You may find some trees, such as maples, elms, and birch, bleed heavily when they are pruned in late winter or early spring.  It’s best to prune these trees in midsummer.  But if you do have to do some damage control in spring, don’t worry, the sap flow will eventually stop.

Pruning Deciduous Shrubs:

Many of the reasons to prune trees also apply to shrubs.  Younger stems ( 2 to 5 years old) generally produce more flowers and/or fruit.  Removing thin, spindly growth tidies a plant’s appearance and reduces its size.  In addition, pruning out drab, older stems on plants like red- and yellow-twigged dogwoods allows for more vibrantly colored growth.  Most deciduous shrubs can be pruned drastically, if needed, to either rejuvenate or control the size of the plant.

Shrubs to prune now: Abelia, Barberry, Clethra, Cotoneaster, Crape Myrtle, Deutzia, Redtwig or Yellowtwig Dogwood, Itea, Potentilla, Rose Bushes (except climbers), Rose of Sharon, St. Johnswort, Smoke Tree and other summer or fall bloomers.

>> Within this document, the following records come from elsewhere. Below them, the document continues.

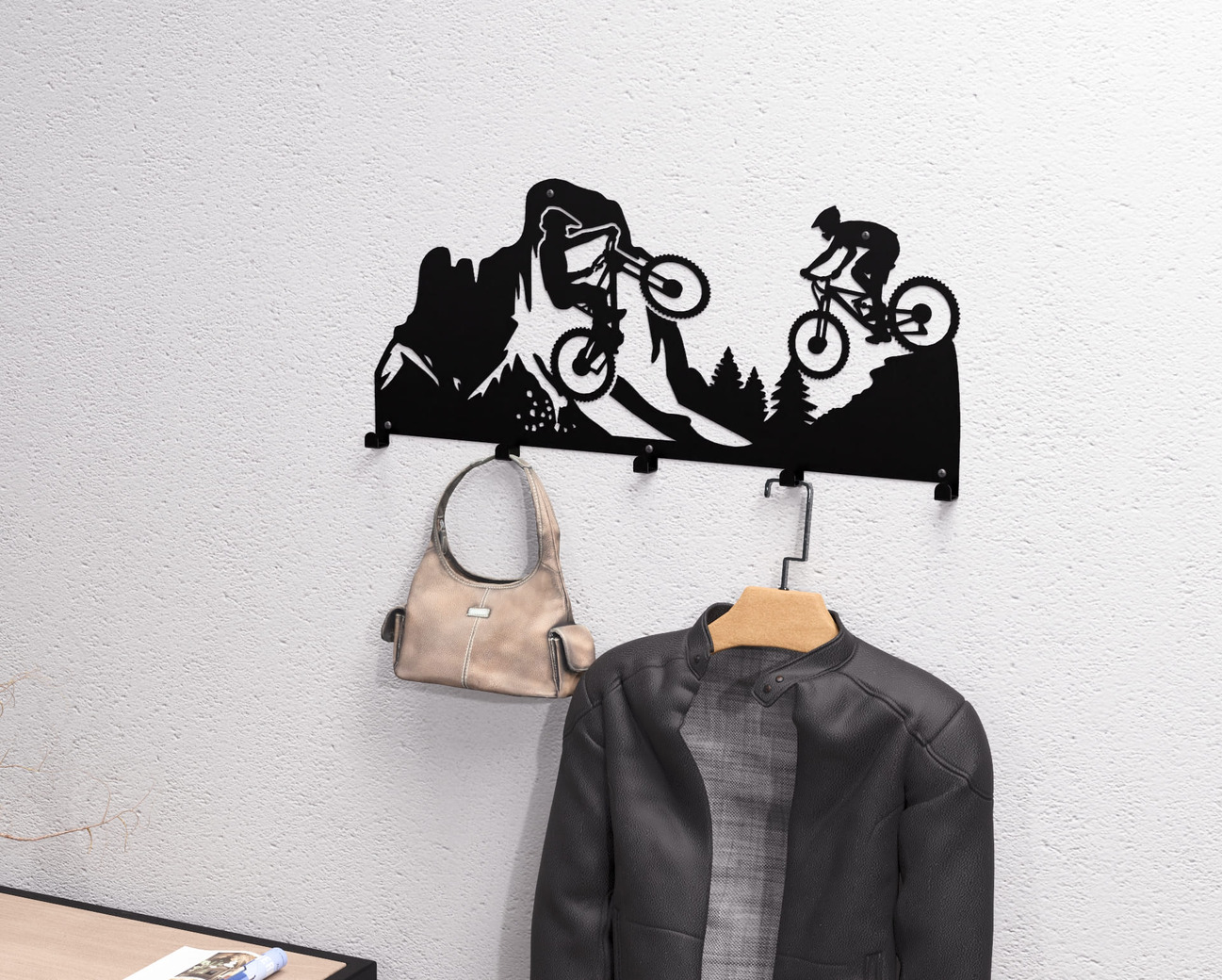 Mountain Biking Wall-Mounted Coat Rack. DXF, SVG files for plasma, laser cutting. Wall Coatrack. Фото 2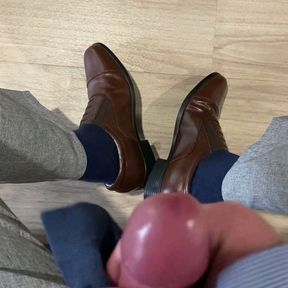 So horny to cum on leather shoes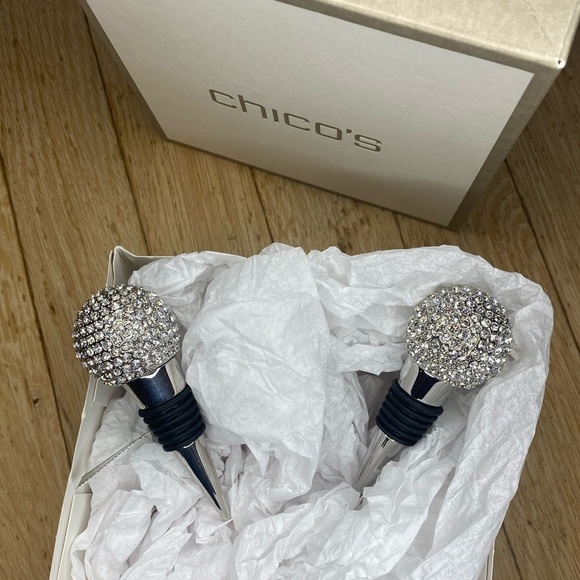 WINE STOPPERS Set of TWO Crystal Disco Ball Wine Bottles Stoppers - Picture 4 of 7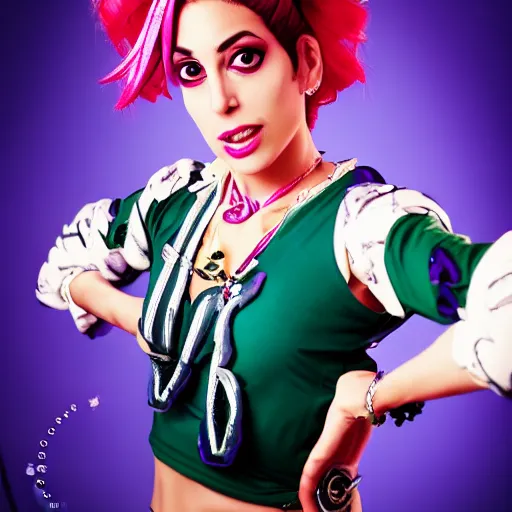 Image similar to a fotograph of jolyne kujoh from jojo's bizarre adventure, filmic, cinematographic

NOTE: Hydrangeas may be either spring or summer bloomers.  Some varieties bloom on previous year’s growth while others bloom on new growth (a few of the newer varieties bloom on both).  If you are not sure what type of hydrangea you have, do not prune the tips at all – you may end up cutting off all of this year’s flowers.  You may remove selected old stems to the ground to rejuvenate and maintain a smaller size.  Since hydrangeas are particularly susceptible to winter freezing and are also slow to come out of dormancy, wait until the end of May before deciding how much dead wood to prune away.

Pruning Evergreens:

Coniferous (cone bearing) evergreens are characterized by growth that is either whorled (such as spruces) or random (non-whorled, i.e. arborvitae).  The term broadleaf is used to include all evergreens except conifers (holly, boxwood, etc.).  Most broadleaf evergreens are best pruned after they flower in the spring.  Those that may be pruned in early spring include boxwood, euonymus, pyracantha and any of the hollies.  Most conifers (arborvitae, false cypress, fir, hemlock, juniper, pine, spruce, yew) can be pruned in the spring and then pruned again in the summer, if needed.  If tip-pruning whorled conifers in the summer, prune when the new needles are one-half their mature size.  When the new needles mature, the cut marks won’t be noticeable.

When pruning pines, make pruning cuts just above the needle whorls.  Most new lateral growth is stimulated at these points rather than along the stems between the whorls.  With most other needled and broadleaf evergreens, cuts can be made at any point along the branch, but care should be taken not to cut too far back into the older, bare wood because new growth is not as readily produced from such wood.  When selectively pruning, it is a good practice to cut the growth back to a side shoot and an outward facing bud.  Some evergreen species withstand relatively heavy pruning.  This is true of plants such as yew, boxwood, Japanese holly and hemlock.  These plants can be sheared, which involves the uniform removal of new growth to make a plant conform to a prescribed shape.  Because shearing encourages the formation of additional lateral growth, a more dense habit of growth is created.  Keep in mind that a perfectly manicured shrub requires more time and effort to maintain than a naturally shaped one needing occasional pruning.  However, the best way to keep pruning to a minimum is to purchase a plant that will grow within the space that you have!